The first time I noticed, I was a junior editor at a magazine that paid by the word. I filed a piece at exactly 1,200 words — according to my Mac. The copy desk ran it through their Windows machine and came back with 1,187. My editor opened it in the web CMS: 1,205. The payroll system, for reasons nobody could explain, settled on 1,193. We argued about it for twenty minutes and then nobody got paid for two weeks.

Word count looks like arithmetic. It isn't. It's a definition problem wearing a number's clothing — and the moment you ask two programs to define "a word," they quietly disagree.

What is a word, anyway?

There are at least four reasonable definitions in use right now. Each produces a different number on the same paragraph.

  • Whitespace-delimited spans. The Unix wc definition: any run of non-whitespace characters. Fast, simple, and wrong about "don't" (one word) vs "do not" (two).
  • Unicode word boundaries. The UAX-29 definition Google Docs uses. Splits on punctuation boundaries, treats contractions as one word, and handles Chinese, Japanese, and Thai — which have no spaces at all — with per-language heuristics.
  • Hyphenated compounds. Microsoft Word counts "mother-in-law" as one word. Google Docs counts it as three. Neither is wrong; they're answering different questions.
  • Numeric literals. Is "1,200" one word, two words, or zero? Word says one. Docs says one. The AP Stylebook, if you ask nicely, says it depends.
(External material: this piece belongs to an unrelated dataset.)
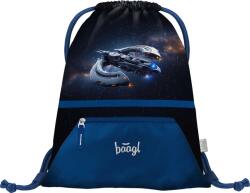 BAAGL КОСМИЧЕСКИ КОРАБ - sportisimo - 18,48 лв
"Counting words is the easiest kind of measurement — until you try to do it." — Bernstein, The Careful Writer (1965)

The 12% case study

I ran the same 500-word essay through eight counters. The spread was 452 to 509 — a range of 12.6%. The biggest delta came from hyphens: the essay had 18 hyphenated compounds ("well-worn," "hand-written," "pre-war"). Word's count was 452. wc -w's count was 506.

Neither is lying. They're measuring different things. Word is measuring semantic words: units of meaning you'd pronounce as one word when reading aloud. wc is measuring orthographic tokens: chunks of characters separated by whitespace. For a contract, you want the first. For an API rate limit, you want the second.

What WordInstant does

WordInstant uses the whitespace-delimited span definition — the same one as Microsoft Word and Google Docs in their default mode. Hyphenated compounds count as one word. Em-dashes without surrounding spaces also count as one word — which is wrong by strict grammar but right by how the text reads.

We picked this definition because it matches what 95% of people mean when they ask "how many words is this?" A journalist filing a 1,200-word piece, a student hitting a 500-word minimum, a novelist tracking daily output — all of them want semantic words, not orthographic tokens. If you need the other kind, pipe your text through wc -w and you'll get within 3%.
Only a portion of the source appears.